El último premio Nadal, según veo en la prensa, lo ha ganado un editor mutante. Quiero decir, uno que era editor y ha mutado en autor, no sé si a lo largo de un proceso lento como el Hombre Mosca o de golpe y porrazo como Bruce Banner. Ya sé que no es nuevo este tipo de salto al ruedo y que hay precedentes muy ilustres. Lo cierto es que carezco de base para negar los méritos literarios de este señor o para desmentir que se trate de un caso de genuina vocación, pero circula una versión apócrifa sobre el suceso, de una tal Margaret, que me ha impresionado. Cuenta que el ganador del premio se encontraba una tarde ante el espejo de su cuarto de baño. Presa de una profunda crisis de identidad, no dejaba de preguntarse qué quería ser de mayor. De golpe, se vio convertido –bromas del Hado que gobierna el humano destino- en un oso panda con una pipa en la boca y un chubasquero rosa. “Pero… ¡No! –exclamó con la comprensible desesperación- ¡Esto no era!” Y de inmediato el chubasquero, la pipa y el aspecto de oso desaparecieron como por ensalmo. Entonces una golondrina (macho) que había entrado por la ventana de la cocina se posó en su hombro derecho y le dijo con la voz del difunto y añorado Constantino Romero: “Ahora tú… ya eres escritor”.

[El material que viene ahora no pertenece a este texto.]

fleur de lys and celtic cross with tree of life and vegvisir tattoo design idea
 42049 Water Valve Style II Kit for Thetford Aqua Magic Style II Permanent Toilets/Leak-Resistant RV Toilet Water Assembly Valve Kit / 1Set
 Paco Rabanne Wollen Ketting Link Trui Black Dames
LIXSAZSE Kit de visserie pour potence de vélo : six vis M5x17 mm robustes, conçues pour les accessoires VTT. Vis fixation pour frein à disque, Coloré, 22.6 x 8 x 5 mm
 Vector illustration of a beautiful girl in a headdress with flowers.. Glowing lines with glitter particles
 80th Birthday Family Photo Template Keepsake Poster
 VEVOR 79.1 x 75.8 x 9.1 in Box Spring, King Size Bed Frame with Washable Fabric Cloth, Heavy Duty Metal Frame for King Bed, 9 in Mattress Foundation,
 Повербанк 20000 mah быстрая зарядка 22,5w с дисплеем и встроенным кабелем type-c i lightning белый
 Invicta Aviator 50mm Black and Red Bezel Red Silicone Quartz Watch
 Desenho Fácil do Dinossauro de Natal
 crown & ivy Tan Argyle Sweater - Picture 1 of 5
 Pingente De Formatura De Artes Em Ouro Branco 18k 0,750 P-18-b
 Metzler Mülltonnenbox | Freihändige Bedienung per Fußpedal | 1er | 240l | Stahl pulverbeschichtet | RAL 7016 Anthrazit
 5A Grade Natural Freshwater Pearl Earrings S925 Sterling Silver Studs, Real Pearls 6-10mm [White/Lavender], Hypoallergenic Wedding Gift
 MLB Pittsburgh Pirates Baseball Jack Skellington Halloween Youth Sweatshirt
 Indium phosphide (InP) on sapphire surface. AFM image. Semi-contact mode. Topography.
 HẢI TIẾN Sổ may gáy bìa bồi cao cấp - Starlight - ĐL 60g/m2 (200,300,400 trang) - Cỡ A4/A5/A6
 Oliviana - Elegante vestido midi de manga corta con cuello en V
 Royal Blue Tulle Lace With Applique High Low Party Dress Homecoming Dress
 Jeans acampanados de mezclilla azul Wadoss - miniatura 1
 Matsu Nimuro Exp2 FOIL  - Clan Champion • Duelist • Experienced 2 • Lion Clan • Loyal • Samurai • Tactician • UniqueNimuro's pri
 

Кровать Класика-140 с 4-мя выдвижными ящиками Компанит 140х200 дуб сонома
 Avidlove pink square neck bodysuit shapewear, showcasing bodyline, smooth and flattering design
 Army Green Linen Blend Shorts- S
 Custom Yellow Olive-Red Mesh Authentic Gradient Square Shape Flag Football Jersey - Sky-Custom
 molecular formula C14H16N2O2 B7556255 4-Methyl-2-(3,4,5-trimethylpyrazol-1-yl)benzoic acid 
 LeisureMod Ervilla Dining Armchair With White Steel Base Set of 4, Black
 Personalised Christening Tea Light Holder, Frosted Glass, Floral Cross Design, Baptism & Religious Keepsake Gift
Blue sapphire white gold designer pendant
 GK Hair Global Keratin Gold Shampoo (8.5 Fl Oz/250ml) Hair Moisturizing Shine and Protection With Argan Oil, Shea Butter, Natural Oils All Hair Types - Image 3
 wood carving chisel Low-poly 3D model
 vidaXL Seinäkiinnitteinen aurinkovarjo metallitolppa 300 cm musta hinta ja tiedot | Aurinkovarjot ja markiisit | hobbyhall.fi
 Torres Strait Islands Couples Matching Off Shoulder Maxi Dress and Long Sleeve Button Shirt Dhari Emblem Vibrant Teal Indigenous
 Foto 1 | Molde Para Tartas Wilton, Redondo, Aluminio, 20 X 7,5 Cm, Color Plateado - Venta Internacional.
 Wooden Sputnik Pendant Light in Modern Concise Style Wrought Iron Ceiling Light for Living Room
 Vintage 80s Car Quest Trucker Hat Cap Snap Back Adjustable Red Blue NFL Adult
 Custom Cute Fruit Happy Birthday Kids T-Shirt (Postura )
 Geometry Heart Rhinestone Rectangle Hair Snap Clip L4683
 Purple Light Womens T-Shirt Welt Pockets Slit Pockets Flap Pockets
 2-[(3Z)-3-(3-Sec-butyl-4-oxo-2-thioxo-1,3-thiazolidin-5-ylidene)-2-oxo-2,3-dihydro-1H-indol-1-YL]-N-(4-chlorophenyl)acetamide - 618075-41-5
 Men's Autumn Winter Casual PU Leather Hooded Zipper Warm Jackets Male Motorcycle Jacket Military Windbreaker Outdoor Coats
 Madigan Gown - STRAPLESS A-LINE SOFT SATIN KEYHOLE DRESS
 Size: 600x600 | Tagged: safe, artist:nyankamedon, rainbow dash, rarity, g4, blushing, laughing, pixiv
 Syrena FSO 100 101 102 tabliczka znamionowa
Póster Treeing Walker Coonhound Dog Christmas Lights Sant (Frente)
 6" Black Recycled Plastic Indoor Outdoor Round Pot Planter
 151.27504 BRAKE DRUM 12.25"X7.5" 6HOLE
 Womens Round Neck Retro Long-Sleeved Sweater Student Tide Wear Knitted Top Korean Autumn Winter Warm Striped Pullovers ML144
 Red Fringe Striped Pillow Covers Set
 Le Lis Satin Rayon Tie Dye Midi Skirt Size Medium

Merezca o no crédito tan pintoresco relato, la cuestión es que la transformación de los editores en escritores era una consecuencia ineluctable de la dinámica de esta época. O sea, algo que se veía venir. De todas formas, que la mayoría de los premios literarios de alto nivel sean casos flagrantes de corrupción, que algunas editoriales funcionen como sectas, que ciertos críticos ejerzan como auténticos mamporreros de los intereses creados, que en las universidades, en los medios de comunicación e incluso en los despachos de las multinacionales se generen sedicentes escritores con la industrial eficacia de las granjas de pollos o de los criaderos de cobayas para laboratorios, mientras la literatura digna de ese nombre agoniza y se extingue, todo esto no le importa a nadie. Resulta en verdad insignificante, cuando es la propia civilización occidental la que se está derrumbando. De hecho, al igual que la corrupción política, se trata de un fruto espurio de la democracia. En general, por triste que sea, la gente tiene la política que merece, la literatura que merece y –salvo muy trágicas y contadas excepciones- la pareja y los hijos que merece. Para cambiar las cosas no hace falta cambiar de gobierno o votar un partido populista. Solo hay que creer en un ideal y esforzarse cada día en aproximarse a él un poco. ¿Pero qué digo? ¿Esforzarse? ¿Ideal? ¿Estaré perdiendo la cabeza? ¡Horreur! ¡Creo que me estoy transformando en editor!